Useless content-*-type meta tags

I think it was in David Flanagan's Javascript: the Definitive Guide (recommended) that I picked up on the <meta name="content-script-type" content="text/javascript; charset=UTF-8"> tag, and, similarly, content-style-type, which lets you pick a default content-type for the <script> and <style> tags respectively (or so it would seem, to the naked eye).

I can't seem to find the book to verify the phrasing in JSDG, but at the time I read it, it sounded like a lovely way of doing away with the repetitive typing of type attributes for all tags of those kinds, throughout the entire document. Great!

Well, not so.

The HTML DTDs still require those type attributes (if you want your documents to verify as correct HTML), and the purpose of those meta tags is purely senseless standards masturbation mode and not this convenient Don't-Repeat-Yourself way of specifying a type and character set in one place only (so my ;charset=UTF-8 appendix is particularly misleading). The intent? Well, they mark the content type of the tag attributes (onclick="...", ..., style="...") where the HTML standard already declares sensible defaults. The relevant parts of the HTML standard linked above are very fuzzily phrased in terms of setting the default language for a document, so the misinterpretation is certainly very easy to do.

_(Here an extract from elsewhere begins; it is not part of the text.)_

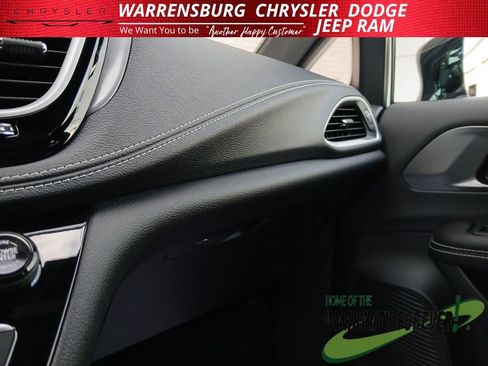 New 2026 Chrysler Pacifica Select image 27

Thus it's not the ideal marriage with the pragmatic minimalist Douglas Crockford's advice of just dropping those type attributes all together and have browsers and web servers do the right thing for you. If you want your web pages to keep working after you have saved them (and their relatively linked required resources) to disk, you'd better keep those type attributes with charset specifications, or your browser will have to guess.

Which might not have been such a bad thing, had they only guessed UTF-8 for anything that could possibly be UTF-8. Oh, well.